Page 95 of The Wolfing Hour
The fennel was as dead as the rest, as was Cecil’s string-of-pearls plant, which was devastating, but nothing prepared me for the sight of my beloved lavender.
Dry branches poked like gnarled, grasping fingers from the planter that had, only hours before, been a lush, fragrant bush embellished with fragrant purple ornaments. Dead buds littered the tile floor like macabre confetti.
I reached for the elemental part of me, but there was nothing. No spark of magic. Not even a wisp. My witch was gone.
The demon had severed our connection.
“Why?” I cried out.
Your earth magic was too weak to protect our people.
A single spike of lavender lay on the foot of the chaise lounge. Besides me, it was the only living thing in the room. I reached out to it, dry-mouthed and hopeful.
My left hand was covered in blood. Half my middle finger had been chewed off, the tips of my index and ring fingers were raw and oozing. Deep claw marks marred my arms and legs. Every inch of my body hurt—and yet, based on the damage I could see, not nearly as badly as it should.
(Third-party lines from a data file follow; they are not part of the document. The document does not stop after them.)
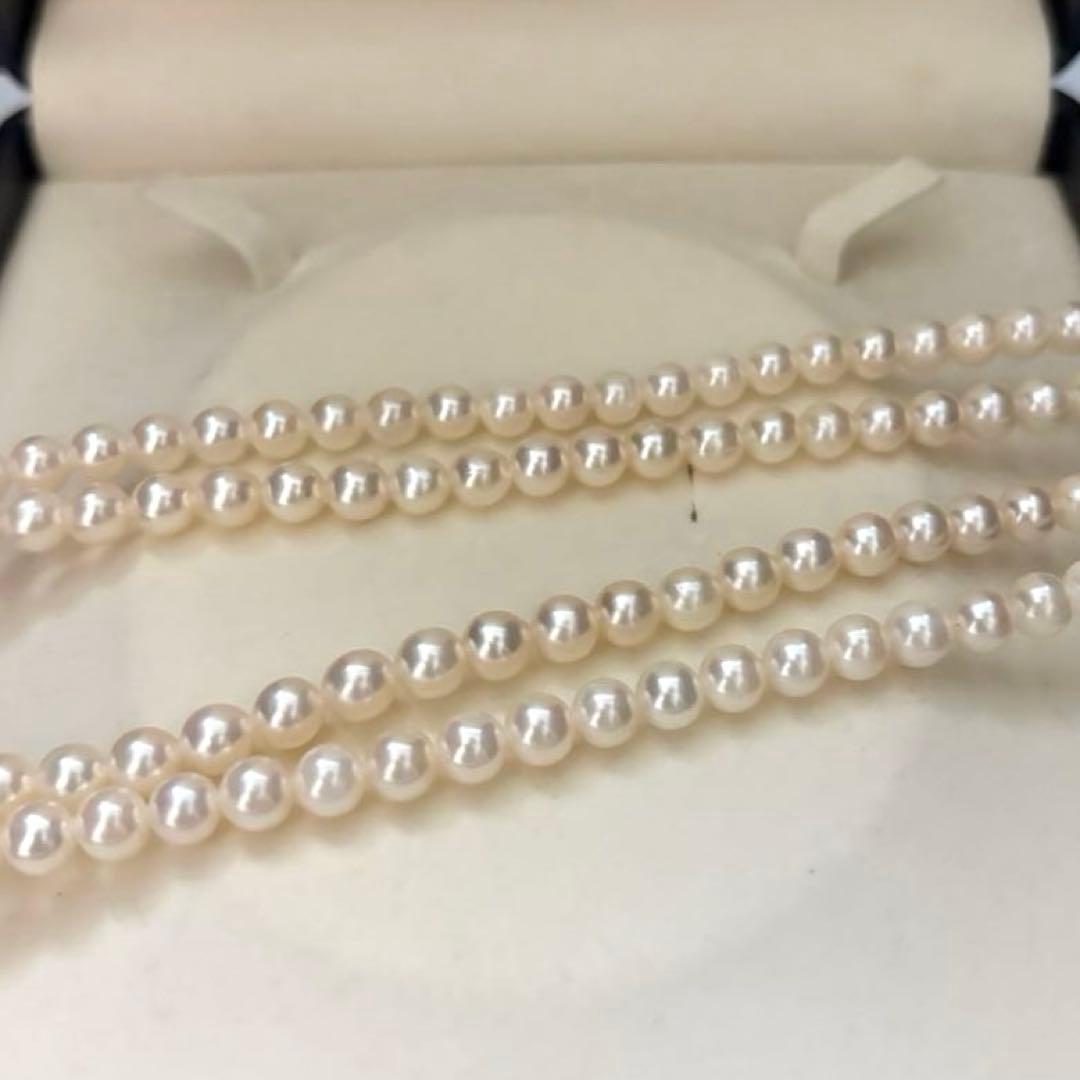 Double strand white Akoya pearl necklace with 6.0-6.5mm pearls measuring 41 cm length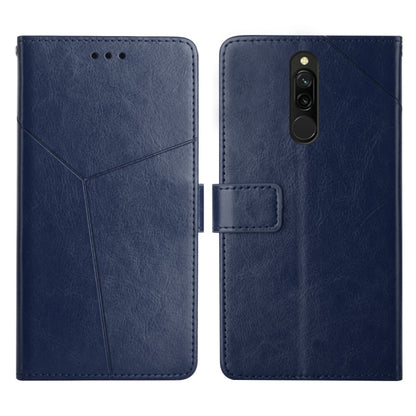 Blue flip leather phone case with stitched diagonal pattern and camera cutout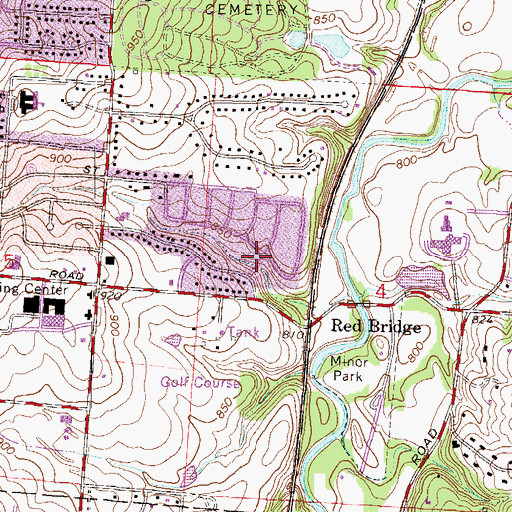 Topographic Map of Red Bridge, MO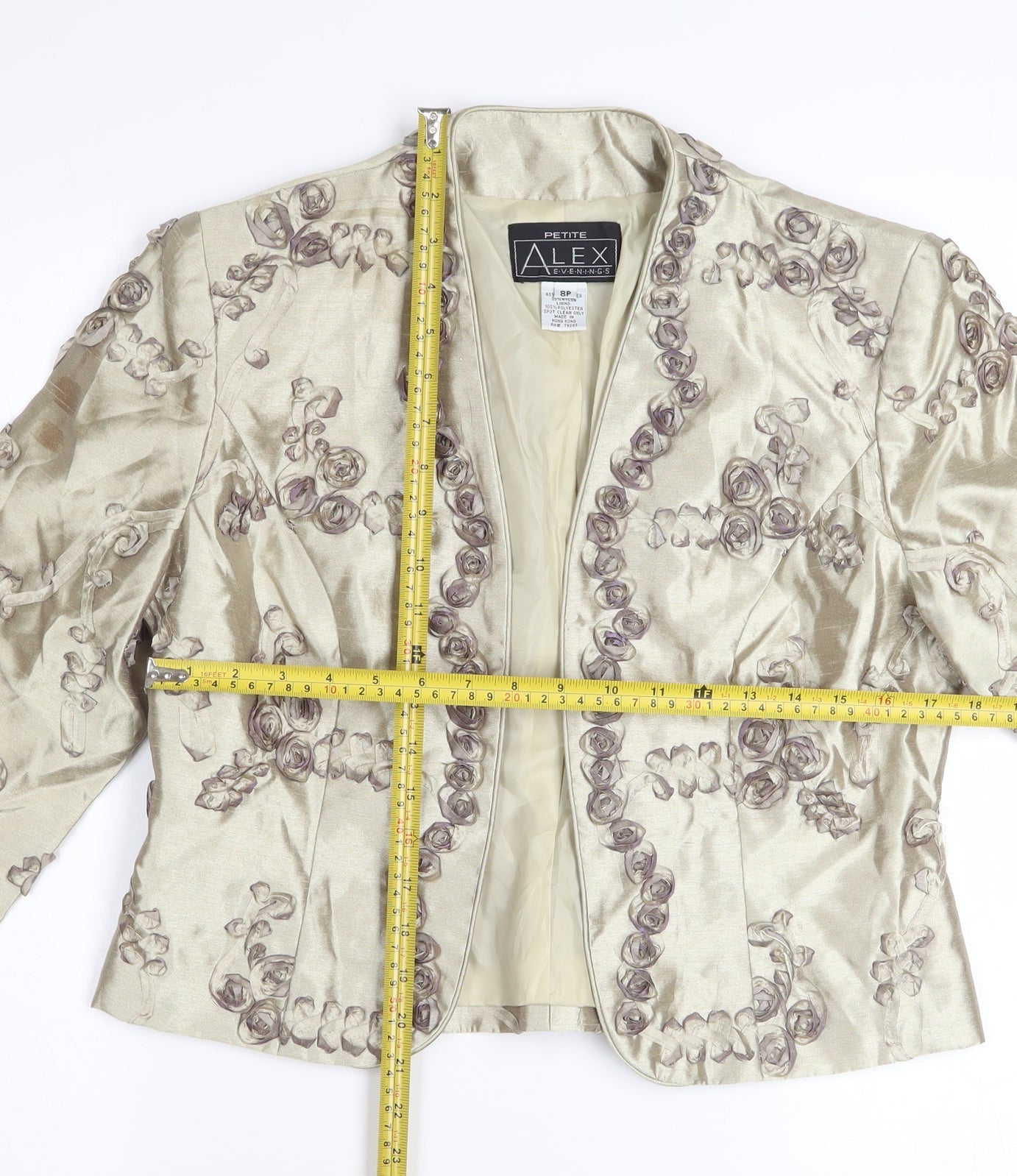 Alex Evenings Women's Petite Gold Embroidered Satin Blazer Size 8P
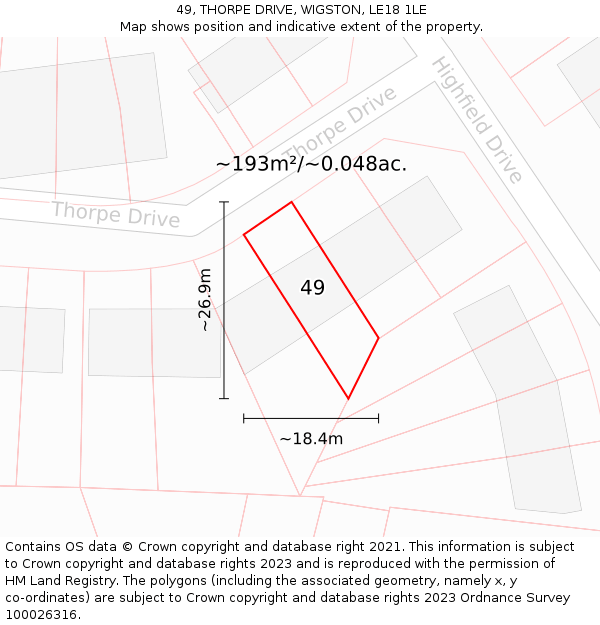 49, THORPE DRIVE, WIGSTON, LE18 1LE: Plot and title map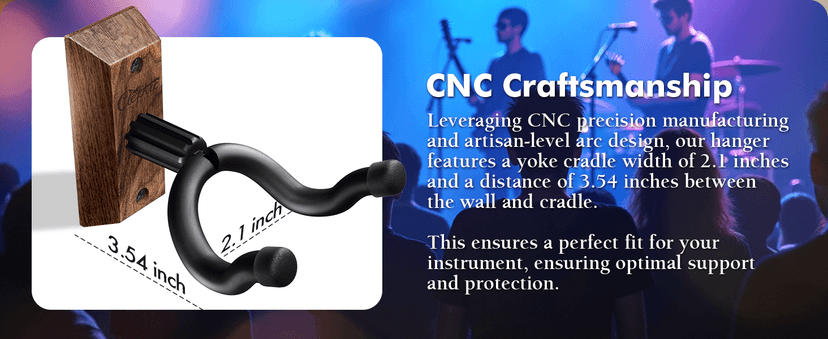 ClefArc Guitar Wall Mount - U-Shape Hardwood Guitar Hanger, Black Walnut Stand Wall Hangers, Pick Holders, Guitar Gifts for Guitarists, Guitar Accessories, with 6 Assorted Guitar Picks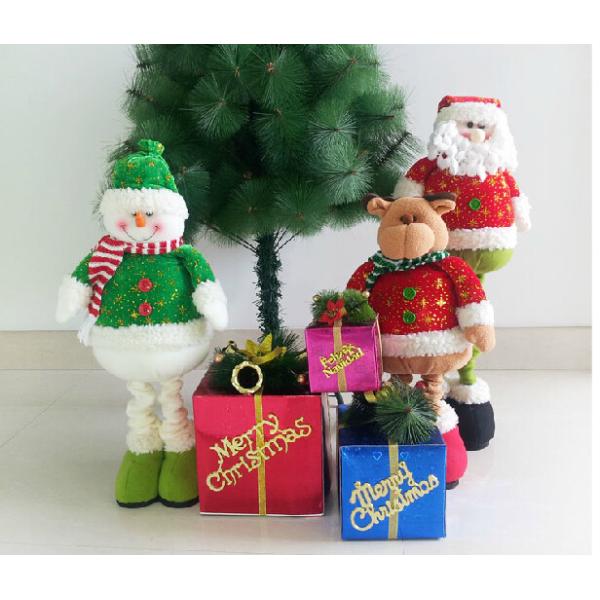 Stuffed Reindeer Snowman Doll Christmas Plush Toys With Streaching Leg
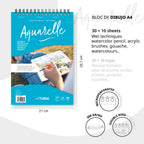 Akvarelblok A4, 30 ark 300 g/m²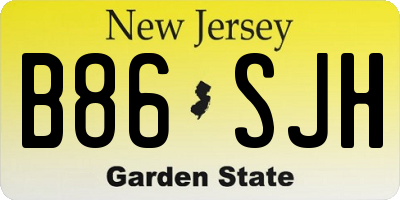 NJ license plate B86SJH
Because you let me in. I am protecting us.
I flashed back to last night, to the last thing I remembered clearly. The demon’s words:
Let me protect them. Let me in.
And mine:
Yes.
I’d said yes to the demon, and she’d taken over.
Images played in my head like a movie on a screen. Fast-forward glimpses of scenes from a horror flick, with Demon Betty as the lead actress.
“I’m going home to call Ronan and tell him what’s going on,” I lied to Ida. “Lock your doors and stay inside.”
“You’ll only be in the way,” I told my partners, shooing them out of the garden room. “Go inside the house. Leave me alone.”
More images, more flashes of memory, more horror:
An hour before sunrise, the sun still clawing its way to the horizon. A house—Floyd’s house.
A concrete room spanning half the square footage of the upper part of the house. Three cells tucked against the far wall. A wooden desk with a single lamp.
A wolf.
“Your skin, your eyes, your disgusting face.” Floyd backed up a step, stole a nervous glance over his shoulder. “I was right all along. You really are an evil bitch.”
“Where is Rory?” My voice rang like a gong, the sound reverberating off the bony surface of my skull and rattling my teeth.
“As if you don’t know, you lying whore.” Floyd’s lips curled, revealing wolf teeth like curved knives. Yellow canines sank into his lower lip and drew blood. He didn’t appear to notice. “You and my bastard son took her. You conjured some spell with your dirty magic and ripped her away from her family.”
Angry wolf sounds—guttural growls, vicious snarls—surged from one of the cells. Floyd wasn’t in here alone.
A confusion of sight, sound, and scent.
Muscled, furred bodies fired like torpedoes. Snorting, snarling, snapping. Hungry. Yellow teeth. Brown and gray fur. Eyes like sodium vapor lamps at the dark end of a cavern.
Eight alpha wolves sped toward me, desperate to tear me apart to appease their clay-footed wolf god—who was nowhereto be seen. The slavering beasts were so close the heat of their breath brought condensation to the surface of my exposed skin.
The wolf nearest me snapped at my face, nipping my cheek. Blood dribbled down my face and soaked into my black shirt.
I didn’t move. Not to jerk away from the wolf’s cruel teeth or his hideous breath. I just stared into his glowing eyes. I stared until he whimpered, until the golden orbs burst in their sockets. Stared, stared, stared until the wolf sank to the floor, dead.